On SpaghettiThoughts.com, there is a script available that creates one additional table to store data dictionary information, as well as multiple stored procedures used to populate it. The script is specifically for Microsoft SQL servers, and can be seen and downloaded at http://spaghettithoughts.com/SQL/SQLCode.cfm?blogid=1009 .

Jay said...

Many dittos. Two quibbles:

You say that using the database engine as a data dictionary won't work because then the data dictionary can't exist until you create the database. True, but so what? I can create tables with SQL as easily as I can type up a data dictionary. I don't have to actually populate the database: I can just define the tables. I've done this on a number of projects.

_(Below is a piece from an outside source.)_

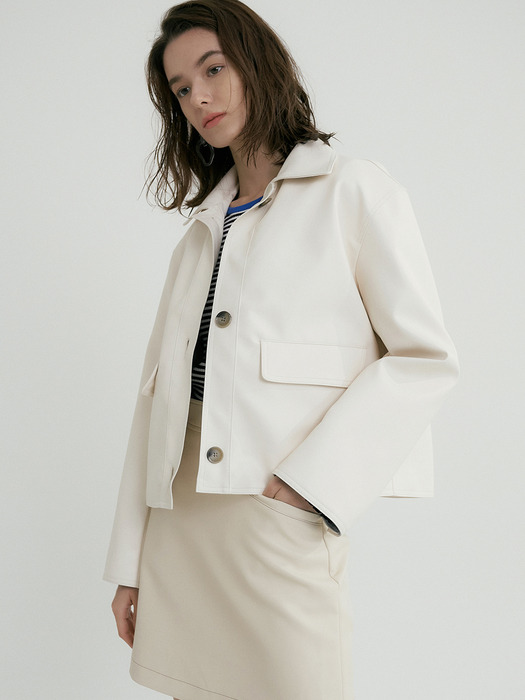 comos334 matte leather short jacket (white)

Now when you point out that there are limits to what metadata you can specify -- that's a more telling point. Many DB engines give me no way to specify a description or domain information.

Also, I'm surprised by your statement that 9/10 of screens can be automatically generated from a dictionary. Perhaps you mean 9/10 of the plain vanilla "update a record" screens. Any app I've worked on, perhaps half the screens can be generated. The rest combine data from multiple tables or are otherwise complex.

(The app I'm working on these days has zero generated screens, probably because the original developers never heard of that idea. Nor had they heard of other new-fangled ideas, like normalized databases. But that's another story.)

Probal DasGupta said...

I still use a data dictionary as a knowledge base that is a super-set of all databases. It is a list of unique data items in the company, but a sub-set of what might be called a Business Terminology document for the company.

Steve Ginal said...

Check out dbmaster (dbmaster. It is a great tool what guys built to pull information schema from a database and you can any data dictionary fields for tables and columns and then quickly search and generate triggers, documentation in any format.

Steve Ginal said...

Correct url for the dbmaster is
http://branegy.com/dbmaster. You should check it out if you're working with data dictionary.

Tekk said...

We were using the term data dictionary back in about 1982 - when developing databases using SSADM - which started up in about 1980... So I think the term was coined well before 1988

John Maxx said...

im just amateur about this.. where could i find data dictionary? is it on a xampp that i created a databaser?